So just like Mark said in the webinar on Sunday…I really don’t watch much TV…I am more of a reader and writer. That being said…with the new job and new shift that I recently started I tend to come home, have dinner and watch an hour or 2 of TV to relax and then bed.
So I decided to try this out….now i have to be honest, I am not gonna cut the TV plug. I did however fail miserably the first day and watched a 2 hour Christmas movie. On day 2 I tried reading instead but I just couldn’t focus on chapters of reading and still ended up turning on the TV…I set a timer this time and after an hour I was done. As the week progressed so did I. There wasn’t really any burning desire to watch TV although that was never really my thing. I have managed to get back to writing more and reading a book along with the daily exercises.
Music has always been my release. It is constantly playing in the background, even if it is just instrumental. Aside from my 15-30 minutes of complete silence, I enjoy having tempo in my life LOL.
My mental diet has improved considerably with the law of substitution…not allowing a negative thought to last more than 7 seconds by replacing it with something else. I did so well…until today….longggg day at work, crazy traffic and a “lovely” highway driver who not only had no courtesy on the road, he also felt the need to roll down his window and give me the finger…then come alongside me and just sit there in the traffic staring at me while giving me the finger.

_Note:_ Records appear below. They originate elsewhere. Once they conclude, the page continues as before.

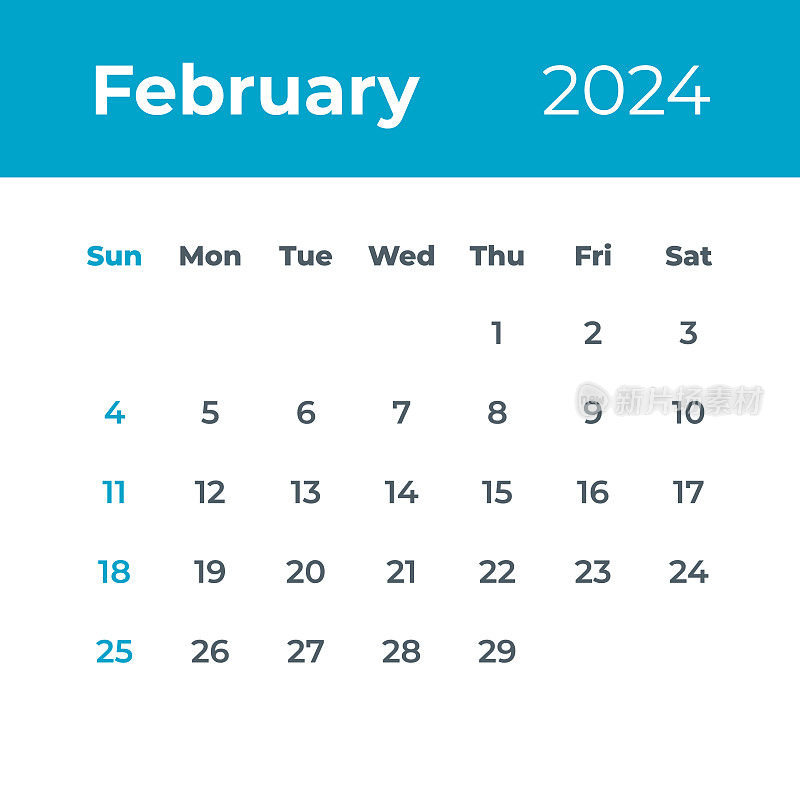 2024年2月-日历叶子。矢量图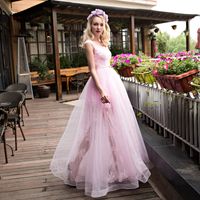 Wholesale Formal Evening Dresses Vestido De Noiva Special Occasions High Low Skirt Tulle Lace Pink Prom Gowns
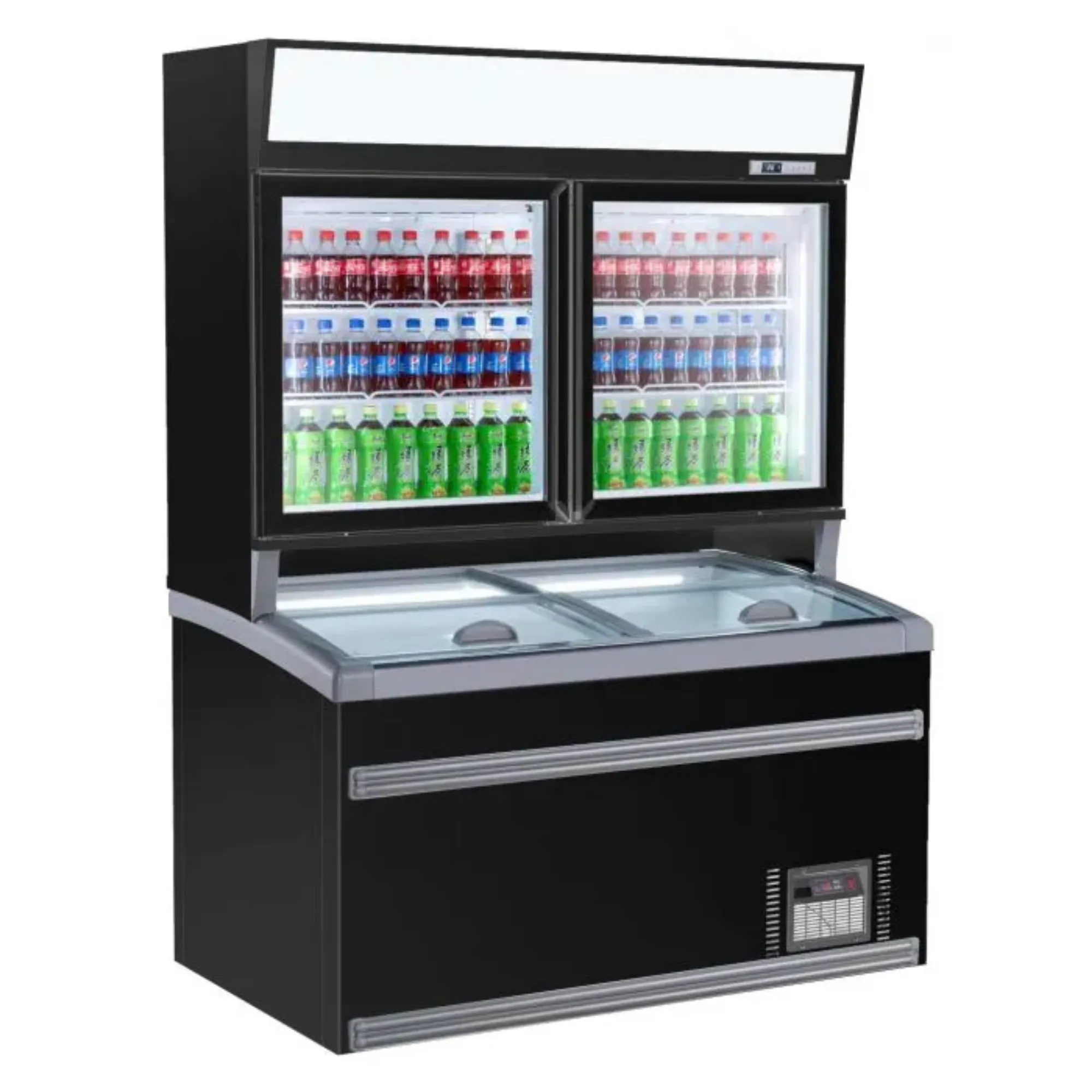 Picture of CombiSteel Wall Mounted Cold&Freezer Unit Black 2 Glass Door - 7455.2510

My curiosity got the better of me to see who was driving and if he had a cell phone in his hand because I can own my mistakes and today wasn’t one of them. I attempted to let him switch lanes despite the fact that it wasn’t really a lane change but him cutting me off on the highway during rush hour traffic, I just don’t deal well with hesitation and then the fact that he acted like I did something wrong just through my mental diet out the window. The choice words that entered my mind when I saw him roll down his window and stick his hand out to give me the middle finger….and yet all I did was smile at him when he came up alongside me in the traffic. I’m pretty sure that just pissed him off even more….
Ah well….any improvement is a step in the right direction. And at this point in time I know I am blessed and all I do is be better than yesterday. With that in mind and my DMP constantly in progress, I am happy.